China slashed key interest rates on Friday, the latest in a string of measures aimed at boosting its economy.
The People’s Bank of China cut its key lending and deposit rates by 0.25 percentage points. The one-year lending rate is now 4.35% and the deposit rate is 1.5%.
The central bank also said it would require large banks to keep less cash in reserve, a move that should boost activity by making it easier and cheaper for the banks to lend money.
This is the sixth time in the past year that China has cut rates. The moves underscore the central bank’s concerns about the economy.
“This is a controlled easing cycle that underlines how China’s policymakers, unlike many of their peers elsewhere, still have room for policy maneuver,” wrote Mark Williams of Capital Economics.
Beijing reported third quarter GDP growth of 6.9% on Monday, the slowest rate since 2009. A stock market crash in recent months has only added to worries.
China’s Communist Party is scheduled to meet next week, and officials are under pressure to reassure the world about Beijing’s commitment to economic reform and ability to deliver steady growth.
Officials will discuss and approve social and economic plans for the next five years.

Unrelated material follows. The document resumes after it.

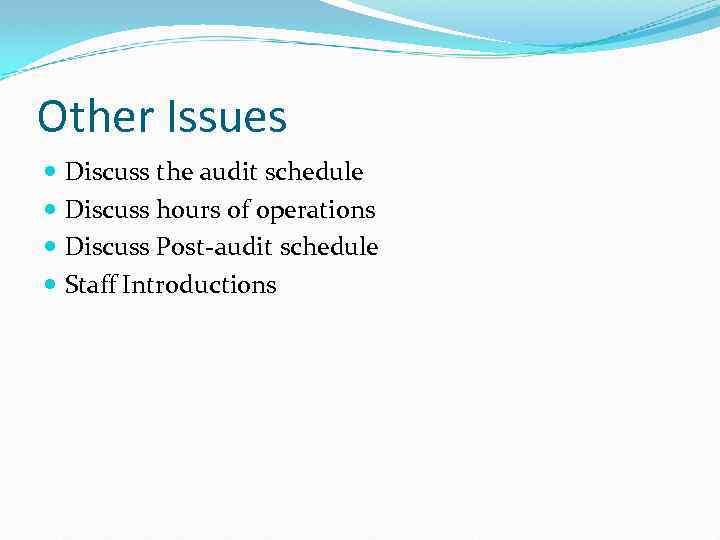 Other Issues Discuss the audit schedule Discuss hours of operations Discuss Post-audit schedule Staff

Experts say setting the road map could go a long way in dialing back concerns at home and abroad.
Beijing is trying to execute reforms designed to shift the country away from relying on building roads, railways and housing to generate growth, to an economy powered by consumer spending.

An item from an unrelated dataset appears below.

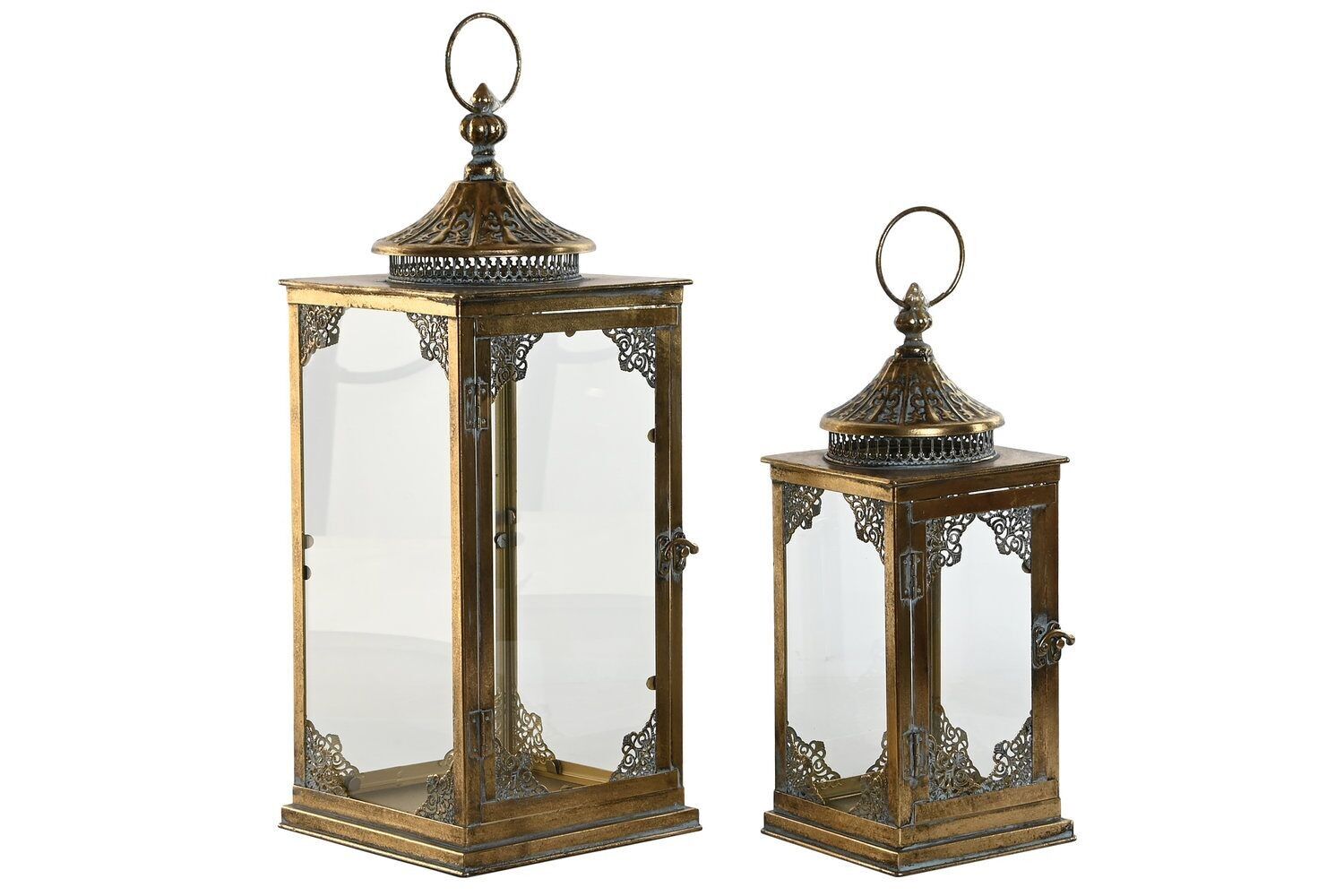 LAMPIONE STRADALE SET 2 METALLO VETRO 20X20X51 ORO FA209255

Chinese President Xi Jinping has acknowledged worries over the slowdown, which has hit global commodity prices and slammed countries that depend on exports to China.
“As an economy closely linked to international markets, China cannot stay immune to the lackluster performance of the global economy,” Xi told Reuters in a rare interview. “We do have concerns about the Chinese economy, and we are working hard to address them.”